What is Jacobson’s organ?
Jacobson’s organic is a sensory organ in the mouth. It connects to the nasal cavity of the cat. It is made up of two sacs filled with fluid. According to Pet Well Being, cats leave their mouths open while sniffing to draw the air along with the scent over the organ. It gives them a greater ability to gather more information about the scent, and process it to better understand what it is they’re smelling. The scent is how cats make sense of their world. The signals from the scent are sent to the brain of the cat for processing. The behavior signals that your cat is attempting to learn more about its environment.
What scents cause the Flehmen response to occur?
Cats do not always keep their mouths open or make strange faces when sniffing. Only certain scents cause the Flehmen Response to occur. One known substance is pheromones. All animals secrete pheromones through their glands. In cats, the pheromones get secreted through a network of glands. They’re in the anus, paws, and face. They use the pheromones to mark their territories and let other cats know they’re walking into their turf. When cats detect the scent of feces and urine from other cats, they may respond to the pheromones. Any surface contaminated by pheromones is subject to elicit this response in cats. You may not even know that the chemical is present.
Is there a difference between male and female cats?
Mother cats are prone to sniffing pheromones to help them keep a line on their kittens. In males, it’s often to determine if a female cat is in heat and if they’re in line for mating privileges. Another situation that can cause both male and female cats to make strange faces while sniffing is if they detect a foreign scent on the walls or the furniture. It’s not uncommon for cats to rub their faces on surfaces in the home. The behavior is a way of marking their territory. They’re establishing their dominance in the house. They may be letting other animals know that it’s their domain. Other cats may smell the scent left on surfaces and grimace while sniffing an unfamiliar scent. Urine marking is a trait that is more common in unneutered male cats than in females. The ladies rub their faces on objects and scratch surfaces. It leaves pheromones emitted from their faces and paws.

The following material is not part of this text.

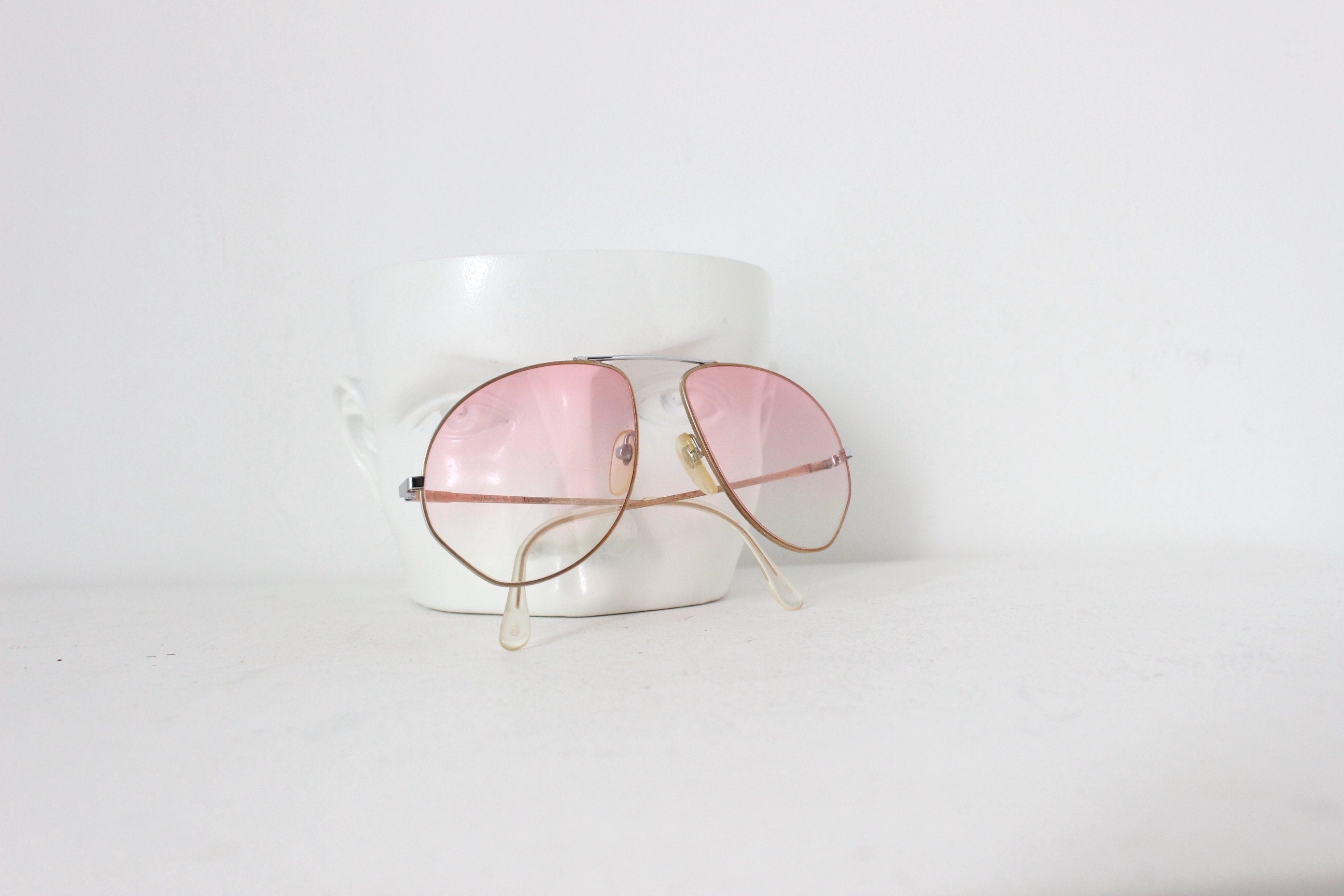 80s French Vintage Nouvelle Ligne Pink Lens Oversized Aviators
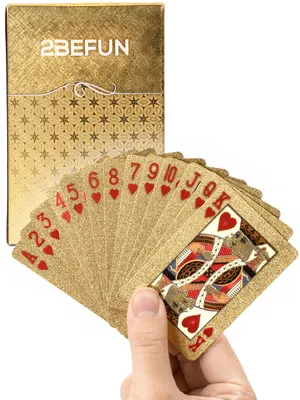 Produktbild von 2BEFUN Wasserdichte Spielkarten – Goldenes Kartendeck für Poker, Bridge und Gesellschaftsspiele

Who discovered the Flehmen Response?
Rover explains that the Flehmen Response is a discovery from centuries ago. A Dutch anatomist named Frederick Ruysch noticed the peculiar behaviors in cats during the 1600s. He investigated Jacobson’s organ and did some preliminary research on the topic, identifying the process accurately. The subject was picked up again in the 1930s when a German zoo director named the reflex the Flehmen Response. The name of the behavior comes from the German word Flehmen. It is translated into the English language to bare the upper teeth.
The next time you see your cat sniffing with an open mouth, you’ll understand why he may make unusual faces. He is deep in concentration and on a mission to gather all the facts about a scent that he can discover. It’s a natural process for felines and some other animals. He’s not necessarily disgusted by the aroma. Your cat may become so lost in thought and concentration that his facial expressions may even take on the appearance of a snarl. It’s best not to disturb your cat when he is in the process of open-mouthed smelling because they’re merely investigating their environment so they can make more sense of it. Kitty grimaces can be entertaining once you know that it’s a perfectly natural behavior.